_Exercise prompt_
Would you please repeat exactly the entries below, starting at the line with "SteelSeries QcK Performance XL - Control" and ending at the line with "1089 Cordova Boulevard", and nothing outside that range? Leave out the pictures.

_Provided data_

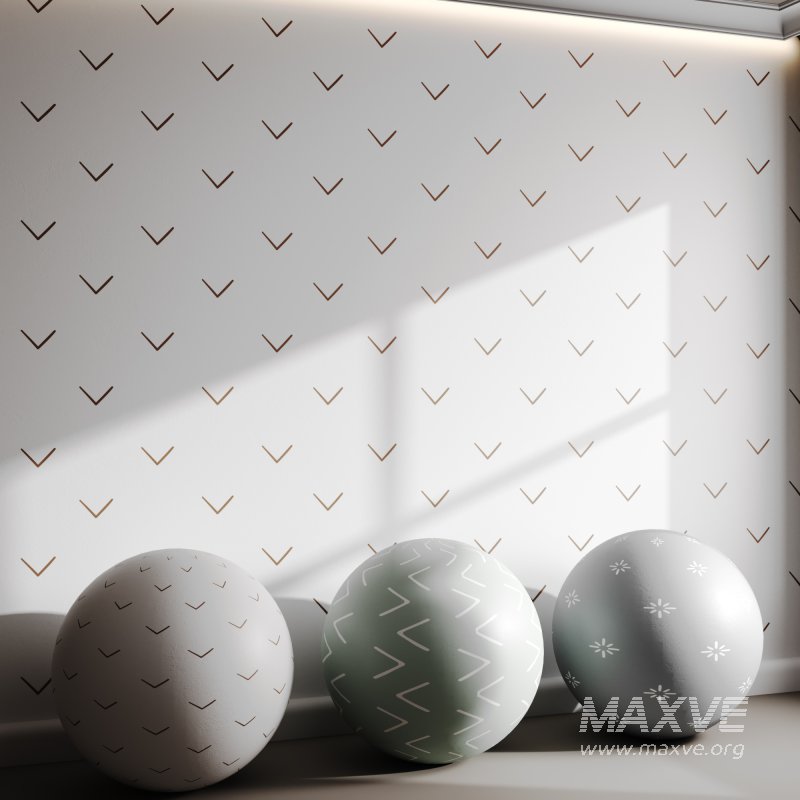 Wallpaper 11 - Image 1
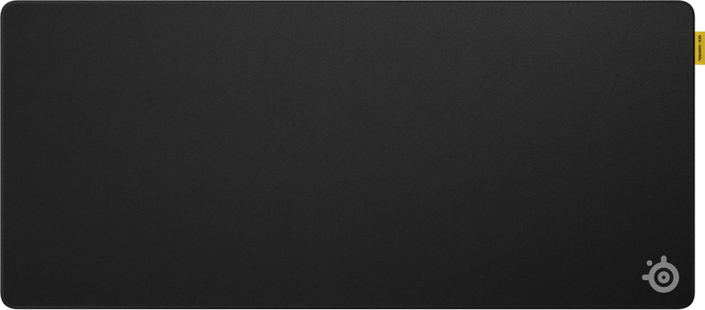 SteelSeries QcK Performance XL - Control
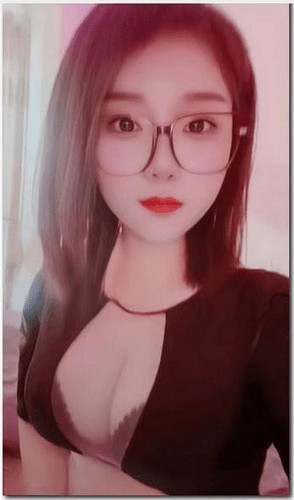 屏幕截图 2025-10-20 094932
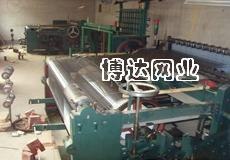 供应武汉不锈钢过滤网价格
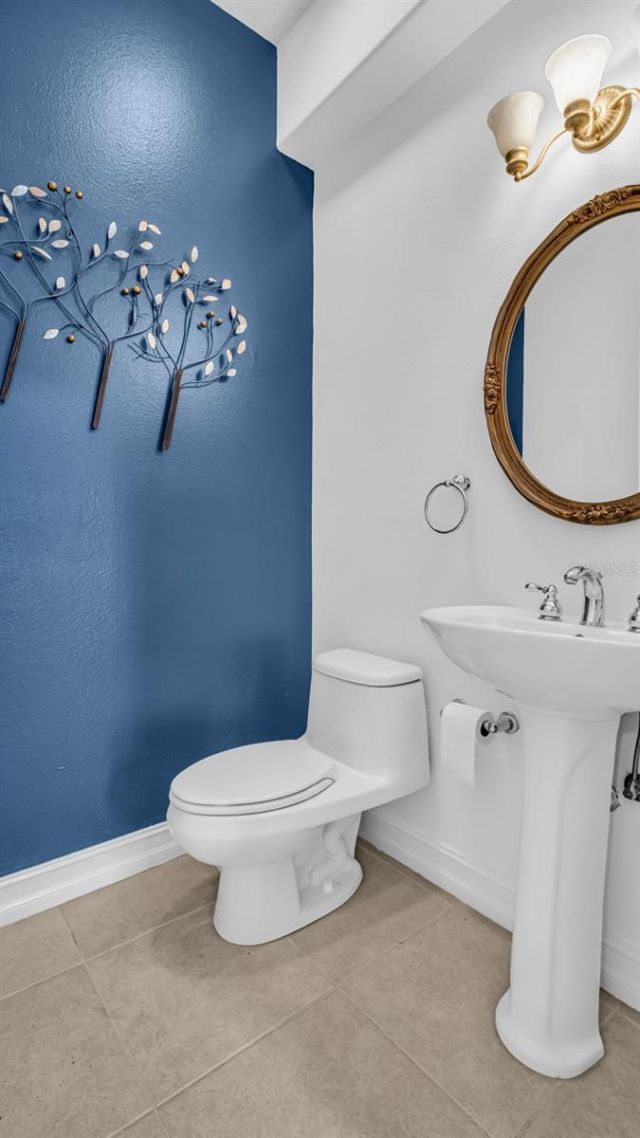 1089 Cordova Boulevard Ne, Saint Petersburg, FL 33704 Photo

---

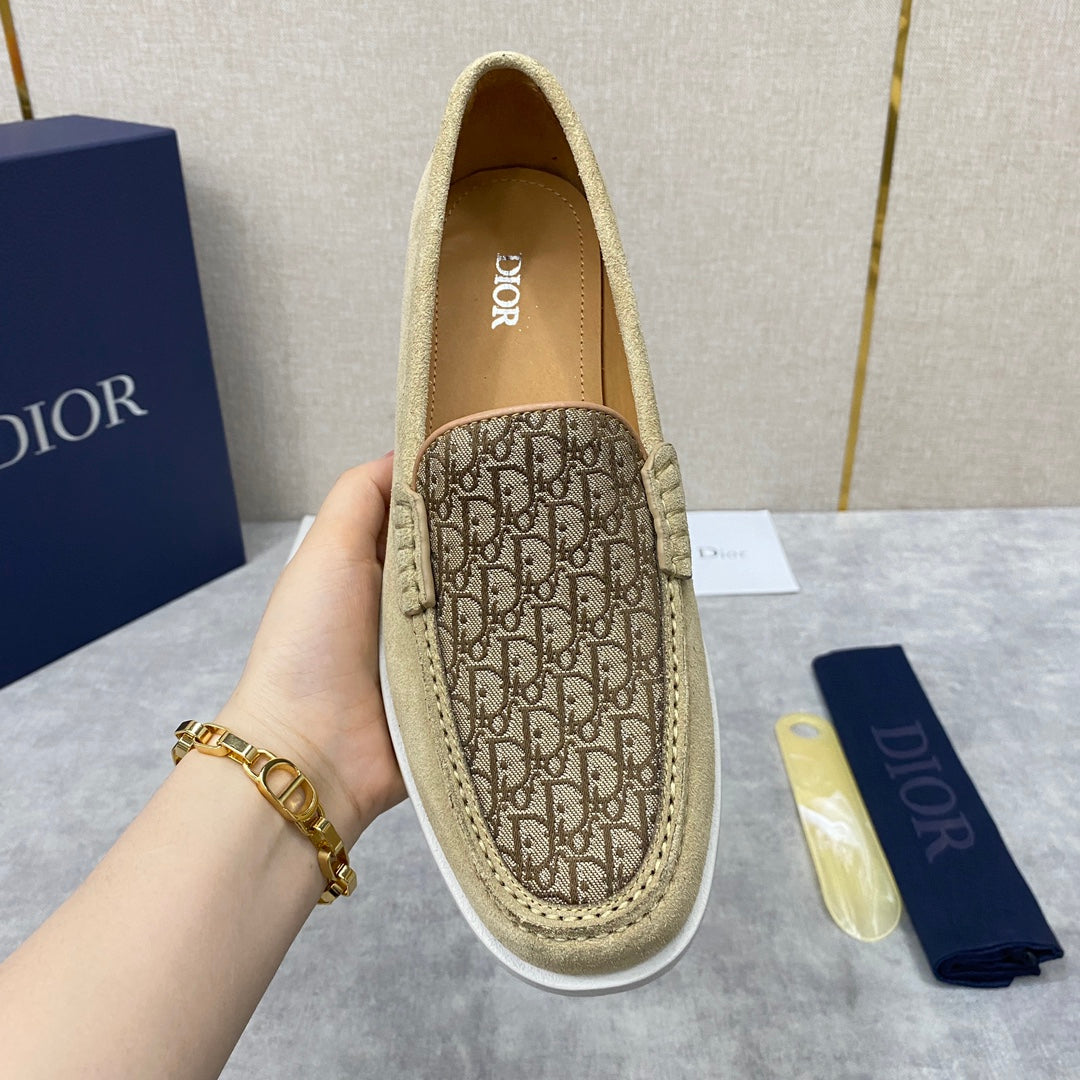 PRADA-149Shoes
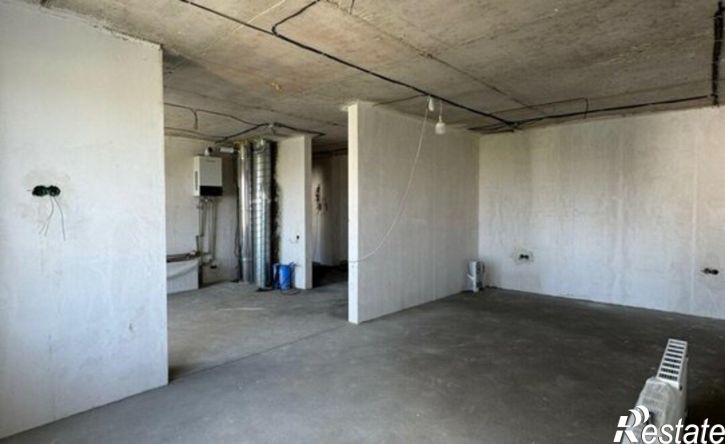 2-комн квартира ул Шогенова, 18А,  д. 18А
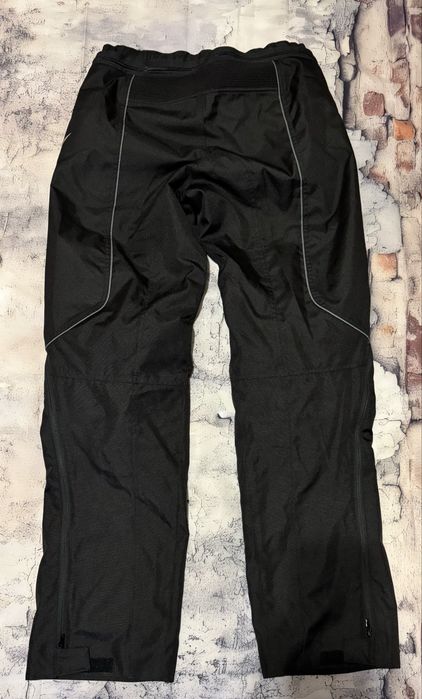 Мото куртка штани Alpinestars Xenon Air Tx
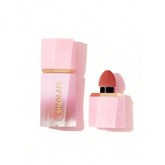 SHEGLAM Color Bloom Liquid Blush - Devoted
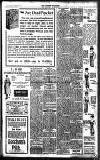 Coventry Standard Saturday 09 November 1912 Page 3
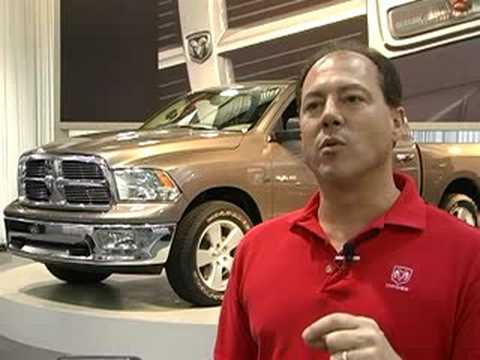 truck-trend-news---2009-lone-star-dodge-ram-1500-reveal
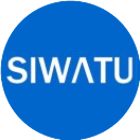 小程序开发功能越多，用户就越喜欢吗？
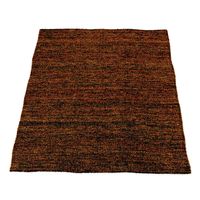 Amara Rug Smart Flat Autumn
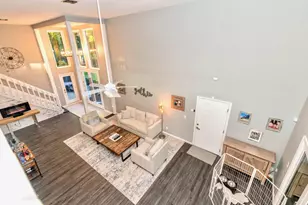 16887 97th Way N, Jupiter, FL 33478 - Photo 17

* * *

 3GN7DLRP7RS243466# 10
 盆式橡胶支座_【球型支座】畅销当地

_Result of the exercise_
 SteelSeries QcK Performance XL - Control
 屏幕截图 2025-10-20 094932
 供应武汉不锈钢过滤网价格
 1089 Cordova Boulevard Ne, Saint Petersburg, FL 33704 Photo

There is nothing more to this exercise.